The cardinal point on which the whole of the prescriptions in this chapter turn, is evidently the same as has been so often insisted on in the previous chapters, namely, the concentration of the religious services of the people round one common sanctuary. The prohibition against observing the great Feasts of Passover, Pentecost, and tabernacle, the three annual epochs in the sacred year of the Jew, at home and in private, is reiterated in a variety of words no less than six times in the first sixteen verses of this chapter Deuteronomy 16:2, Deuteronomy 16:6-7, Deuteronomy 16:11, Deuteronomy 16:15-16. Hence, it is easy to see why nothing is here said of the other holy days.

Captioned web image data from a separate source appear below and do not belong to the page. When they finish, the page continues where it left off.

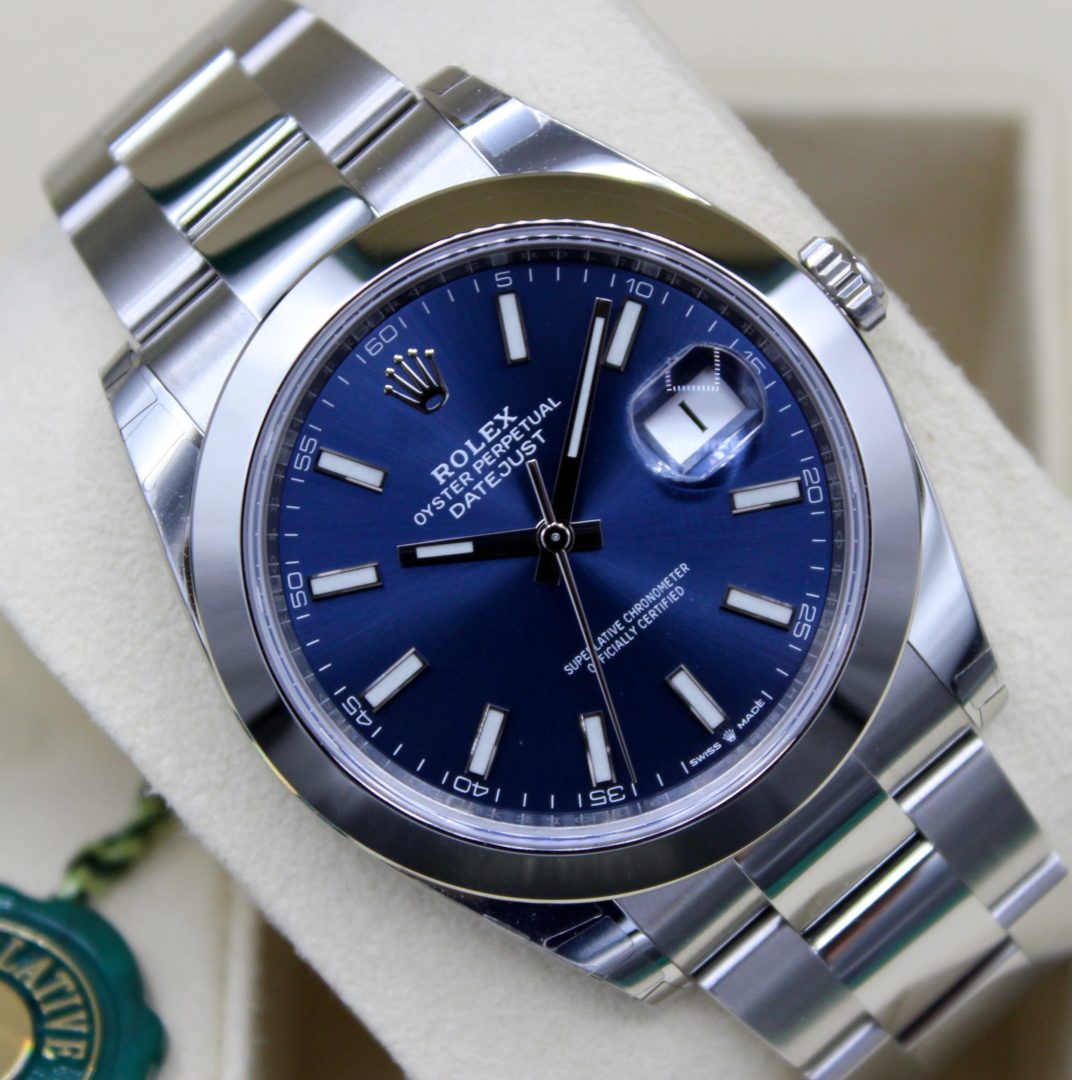 rolex datejust ii 126300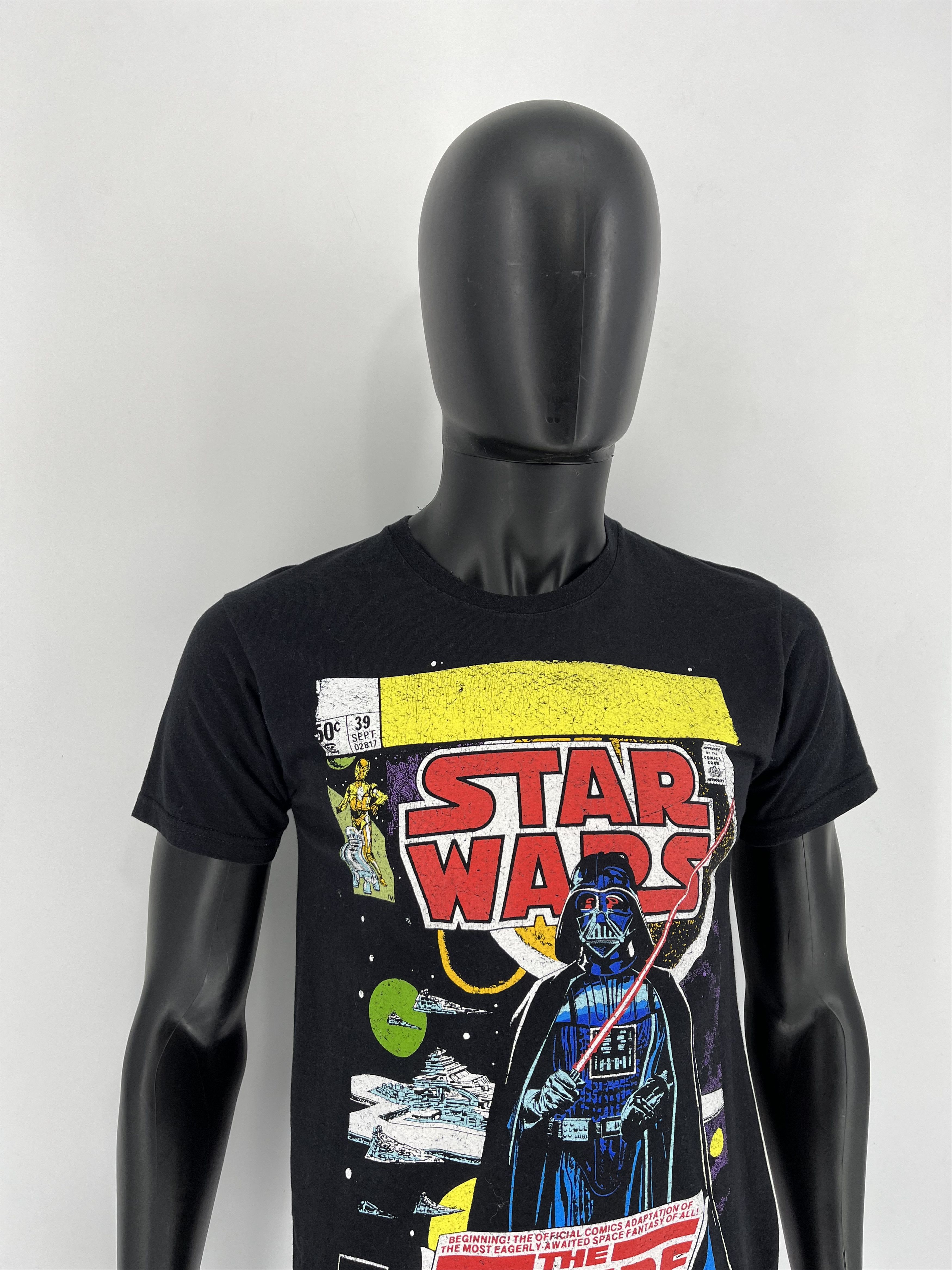 Art Comes First Vintage Y2K Star Wars Comics Overprint Tee Size US M / EU 48-50 / 2 - 4 Thumbnail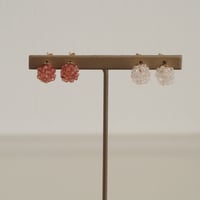 any'e／【別注】コンペイトウ　ボタニカルビーズピアス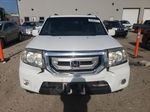 2009 Honda Pilot Touring White vin: 5FNYF48899B022676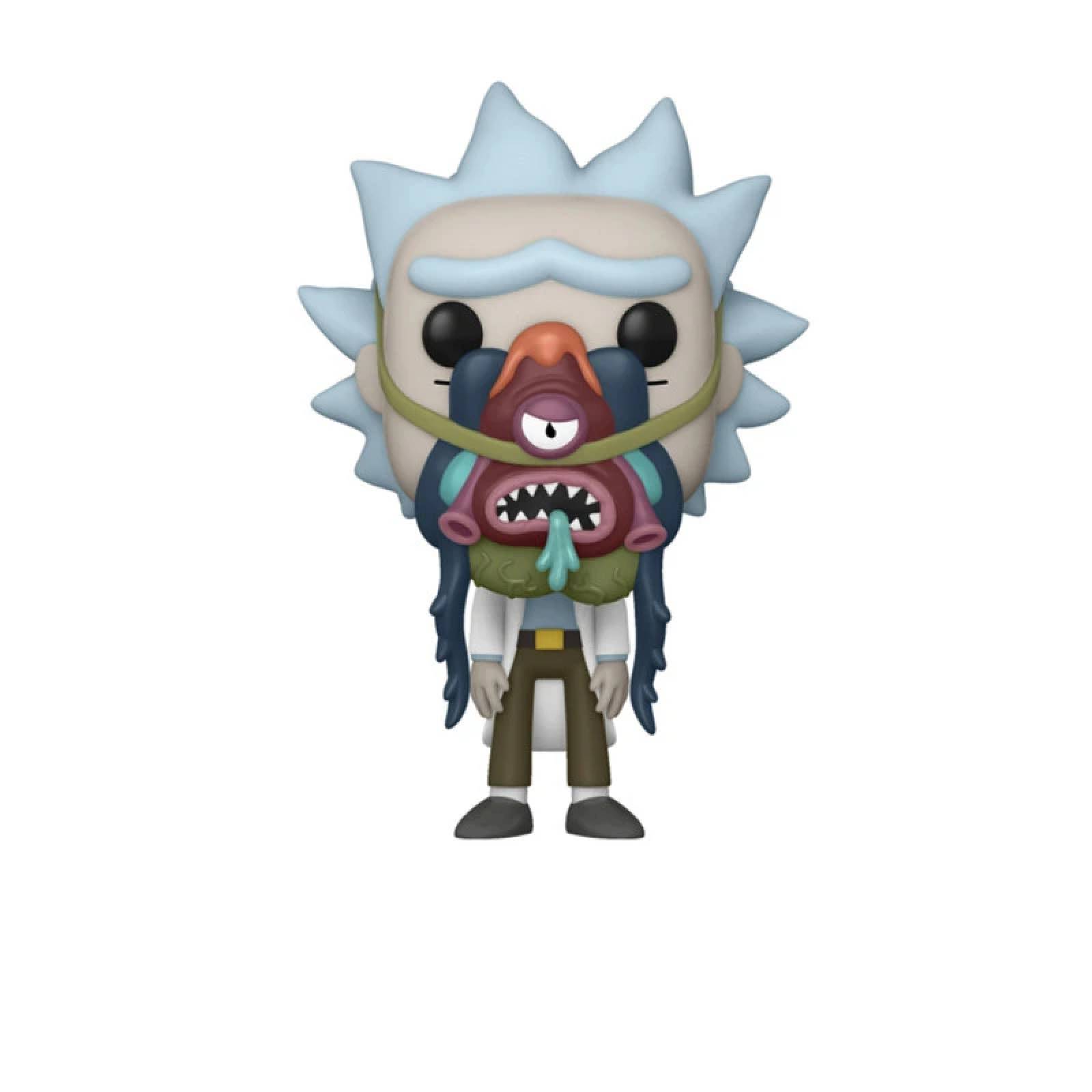 Rick w/ Glorzo -Rick & Morty Funko Pop Animation! #956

The Feast of Passover Exodus 12:1-27; Numbers 9:1-14; Leviticus 23:1-8. A re-enforcement of this ordinance was the more necessary because its observance had clearly been intermitted for thirty-nine years (see Joshua 6:10). One Passover only had been kept in the wilderness, that recorded in Numbers 9:0, where see the notes.

Deuteronomy 16:2

Sacrifice the passover - “i. e.” offer the sacrifices proper to the feast of the Passover, which lasted seven days. Compare a similar use of the word in a general sense in John 18:28. In the latter part of Deuteronomy 16:4 and in the following verses Moses passes, as the context again shows, into the narrower sense of the word Passover.

Deuteronomy 16:7

After the Paschal Supper in the courts or neighborhood of the sanctuary was over, they might disperse to their several “tents” or “dwellings” 1 Kings 8:66. These would of course be within a short distance of the sanctuary, because the other Paschal offerings were yet to be offered day by day for seven days and the people would remain to share them; and especially to take part in the holy convocation on the first and seventh of the days.